One problem with orchestration is that it tends to give rise to complex infrastructure. A centralised orchestrator service needs to implement a range of concerns, including control flow, routing, connectivity, retries, data transformation, monitoring and reporting. This can give rise to runaway complexity over time as integration logic accumulates in a central integration platform.

In previous generations of service-orientated architecture, an “enterprise service bus” platform would serve as the centralised orchestrator. In this pattern, services would be integrated to a central platform that would take care of any connectivity, translation, and transformation. Apart from serving as an almighty single point of failure, these platforms created development bottlenecks where only a small number of people understood how to operate them.

Vendors in this space generally avoid using the phrase “enterprise service bus” these days, but the pattern is still very much alive. The terminology may have changed, but centralised orchestrators suffer from a familiar set of challenges. They involve a significant learning curve so that integration logic becomes the preserve of a centralised and overworked “integration team”. Over time, integration logic accumulates in an arcane platform that nobody understands, and everybody is too scared to change for fear of breaking something.

Some of these problems are addressed by emergence of lightweight solutions such as Apache Airflow or even “serverless” orchestrators such as AWS Step Functions and Azure Logic Apps. These tools can serve to “democratise” orchestration in that they are accessible to engineering teams wanting to build workflows from autonomous services. Instead of a single, centralised orchestrator running all service collaboration, you can take a more distributed approach where workflow logic can be delegated to engineering teams.

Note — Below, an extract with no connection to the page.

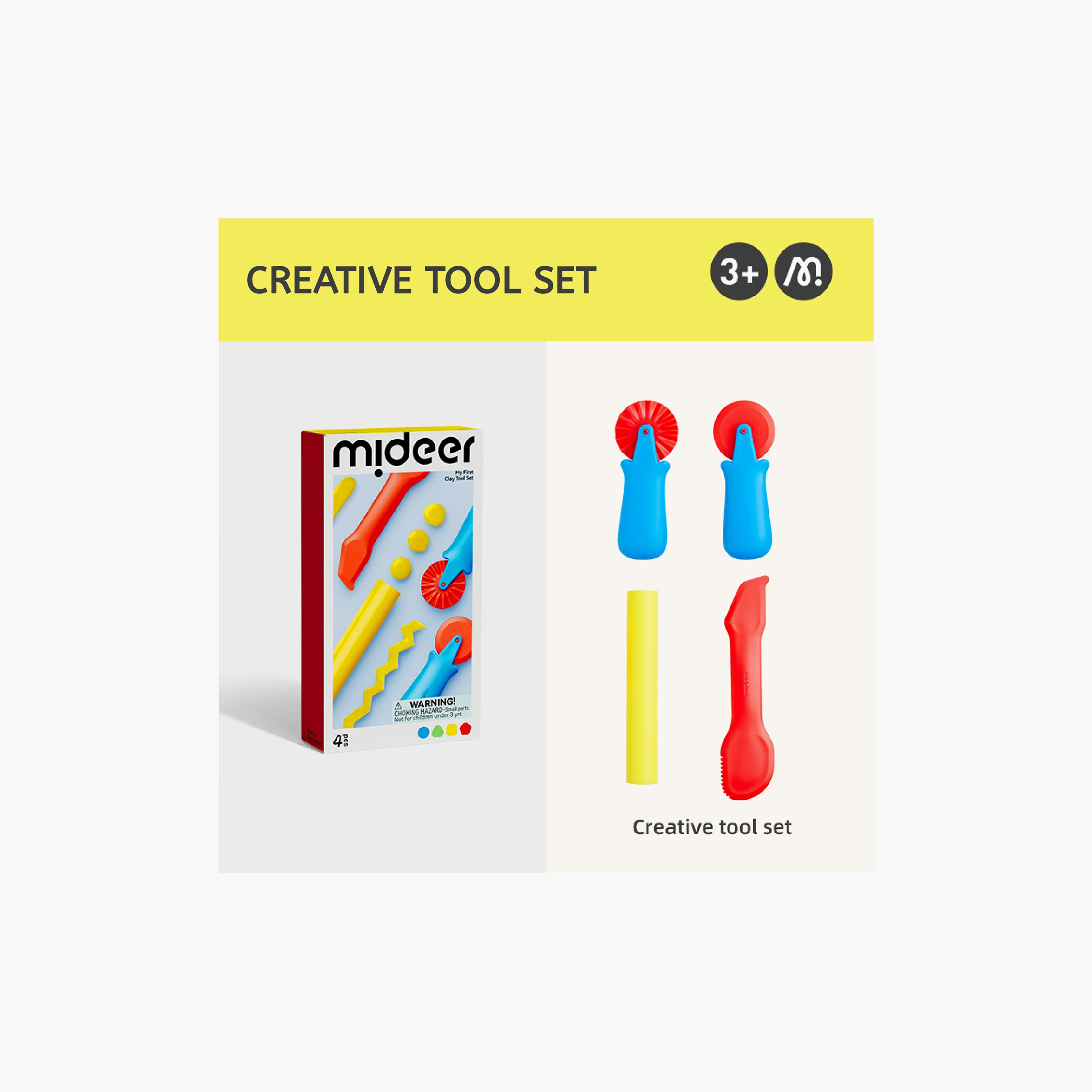 Mideer 4-Piece Creative Clay Tool Set-toys-educational-doughtoys-image-2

...but then again, neither is choreography

Choreography devolves responsibility to individual service implementations for progressing any workflow. On the face of it, this decentralisation removes orchestration’s single point of failure, providing greater resilience and supporting easier change.

However, this is not a simplification as it requires complex patterns and infrastructure to manage on any kind of scale. You’ll need to consider patterns such as sagas, routing slips, and correlation identifiers to enable transactional behaviour and rollbacks. You’ll also need to invest in logging and monitoring infrastructure to enable you to piece together the status of any processing and detect faults.

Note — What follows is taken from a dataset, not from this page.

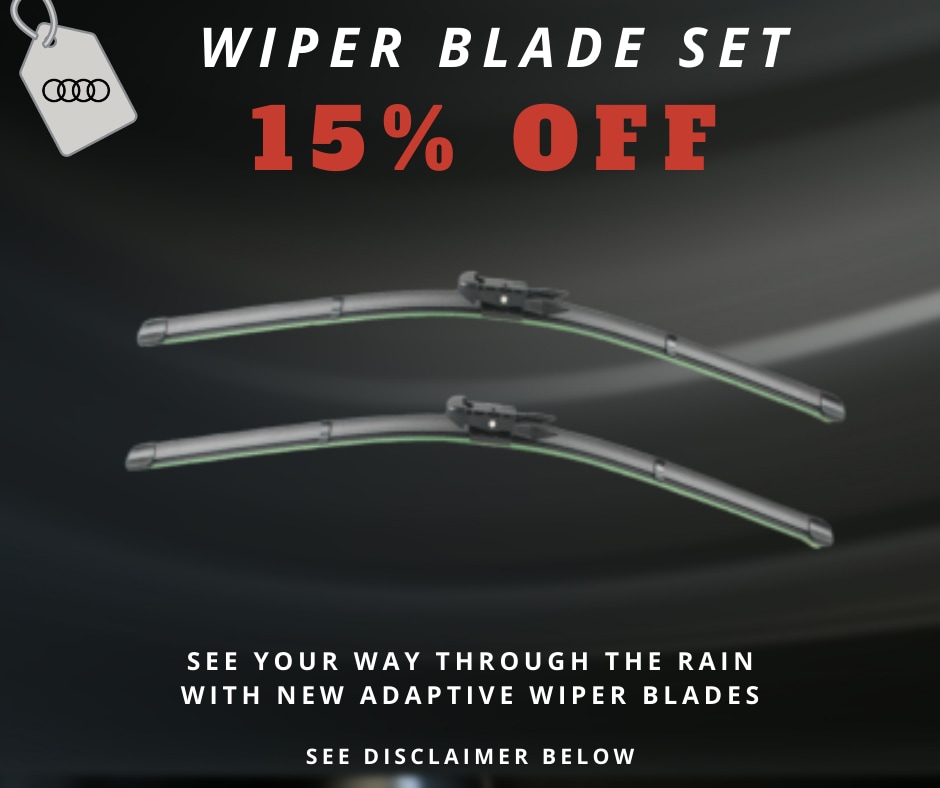 Audi Middleburg Heights - 15% Off Wiper Blade Set Special Coupon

Choreography is often preferred in architectures that seek to promote loose coupling above all else and avoid concentrating responsibilities within a centralized orchestration platform. However, this distributed approach to workflow can struggle to handle complex logic or provide adequate visibility of workflow execution.

It's easy for distributed systems to fall into choreography without really meaning to. Many implementations distribute logic without putting in place the necessary infrastructure to manage it. This means that logic is unevenly distributed around services, so it becomes difficult to reason about the state of individual processing workflows. These processes become hard to debug, while features such as workflow-level time outs or audits become very difficult to implement.

When to orchestrate or choreograph?

Orchestration and choreography can complement each other. This doesn’t have to be an exclusive choice between two opposing styles. An architecture based on either orchestration or choreography is bound to be inflexible.

There can also be an organisational angle here, as choreography tends to be better suited for highly decentralised organisations. An orchestration-based approach is more effective if you have direct control over all the participating services. This is difficult to achieve in larger, more distributed enterprises.

As a rule of thumb, for interactions within a bounded context or system boundary it might make more sense to use orchestration. The services within a bounded context are more likely to be cohesive and owned by the same team. This makes it easier to bind them together into a common orchestrator. For collaboration between different systems then choreography might be more appropriate. This supports looser coupling between systems that are likely to be less cohesive and maintained by more separate teams.